Work instruction:
Leave out the pictures, and retype the remaining data exactly.

Dataset excerpt:
--

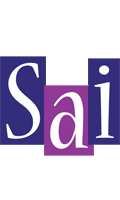 Sai autumn logo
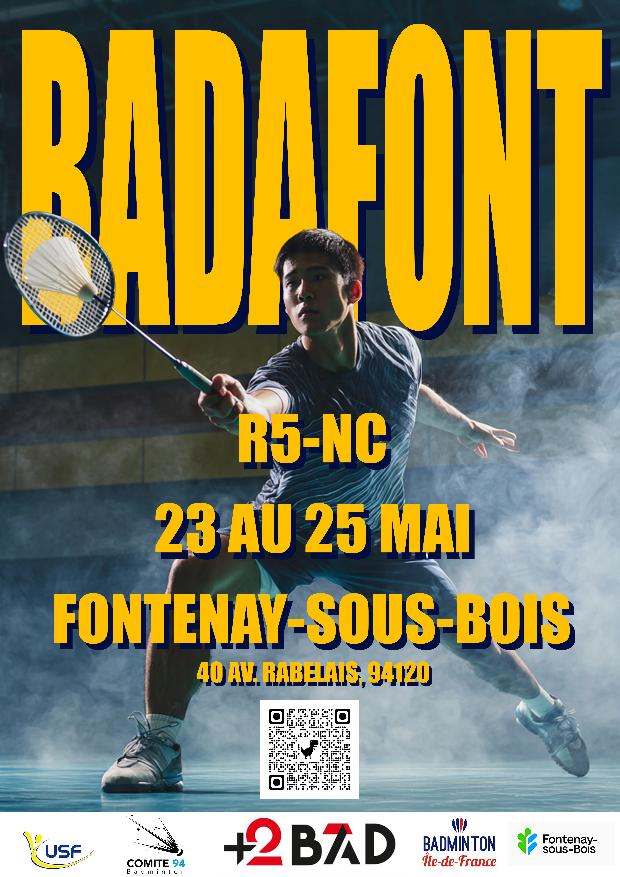 Badafont 11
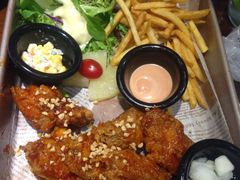 -火炉火自助餐(枫蓝国际店)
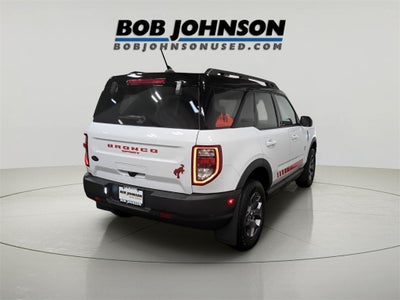 2023 Ford Bronco Sport Badlands Heated Steering Wheel & NEW TIRES!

--

Answer space:
 Sai autumn logo
 Badafont 11
 -火炉火自助餐(枫蓝国际店)
 2023 Ford Bronco Sport Badlands Heated Steering Wheel & NEW TIRES!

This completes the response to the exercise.